13 KiB
OpenVINO NPU classifier/router dry-run contract
Status: specification for dry-run prototype refresh
Target port: 127.0.0.1:18819
Owner context: Atlas/Hermes local assistant sidecar evaluation
This service is an advisory classifier for Atlas/Hermes automation hints. It may suggest labels such as tool-needed, memory-candidate type, urgency, workflow category, and safety-confirmation-required, but it must not make or enforce live routing, memory, tool, or safety decisions without a separate explicit approval from Will.
Recommended model and runtime
Recommended v1 runtime: small local Python HTTP/CLI service backed by the existing OpenVINO NPU embeddings service on 127.0.0.1:18817.
Recommended v1 model shape:
- Primary signal:
bge-base-en-v1.5-int8-ovembeddings from the live embeddings service. - Classifier layer: inspectable deterministic rules plus cosine similarity against curated synthetic/prototype utterances.
- Model label:
bge-base-en-v1.5-int8-ov/prototype-router-v0. - Device proof: request-level
npu_busy_delta_usfrom:18817plus direct sysfs before/after reads from/sys/class/accel/accel0/device/npu_busy_time_us.
Why this is preferred for the dry run:
- It reuses the already-live NPU embeddings path rather than adding a second model conversion/runtime dependency before contract validation.
- Rules and prototypes are transparent enough for safety-sensitive routing hints; a reviewer can inspect why a message was labeled.
- It avoids fine-tuning or training on private Atlas/Hermes transcripts.
- It keeps the service small, localhost-only, and easy to start/stop during smoke tests.
- It produces NPU activity through the embeddings path while making clear that final decision logic remains advisory.
Defer a dedicated NPU sequence-classification model such as TinyBERT/MiniLM until the dry-run labels and thresholds have been evaluated against synthetic fixtures and explicitly-approved non-private examples.
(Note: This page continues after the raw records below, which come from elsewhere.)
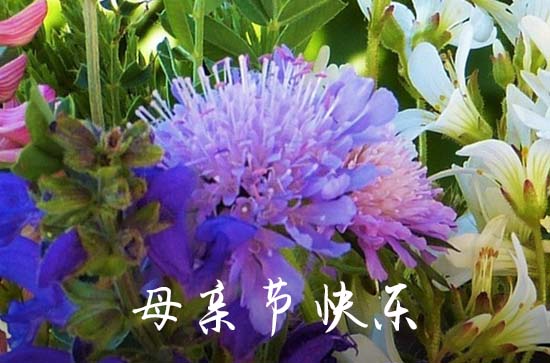 母亲节给妈妈发多少红包合适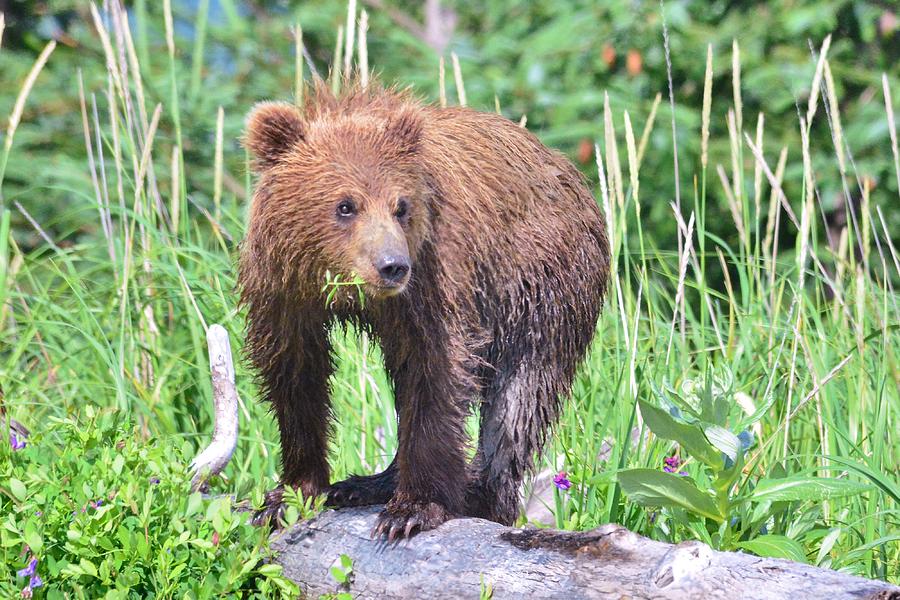 Baby Bear Cub With A Flower In Its Mouth Photograph By Patricia Twardzik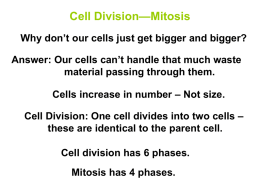 Mitosis – Cell Division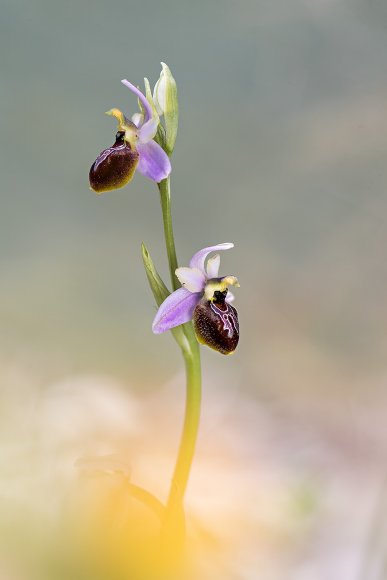 Ophrys splendida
If pursued later, use OpenVINO Runtime/Optimum export with fixed input shapes suitable for NPU, and keep the rule layer for safety gates.
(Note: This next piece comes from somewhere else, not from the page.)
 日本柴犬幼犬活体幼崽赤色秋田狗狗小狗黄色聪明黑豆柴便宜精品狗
Non-goals and safety invariants
The service must not:
- Change Hermes/Atlas model routing, gateway routing, memory writes, tool-use permissions, or safety-confirmation behavior.
- Restart, stop, enable, or persist any live Atlas/Hermes/gateway/RAG service.
- Bind to anything broader than
127.0.0.1by default. - Mutate Chroma/vector collections, trigger reindexing, or write to RAG state.
- Process private document/image directories or private transcript dumps for smoke testing.
- Log raw prompts by default beyond normal foreground stderr during local review.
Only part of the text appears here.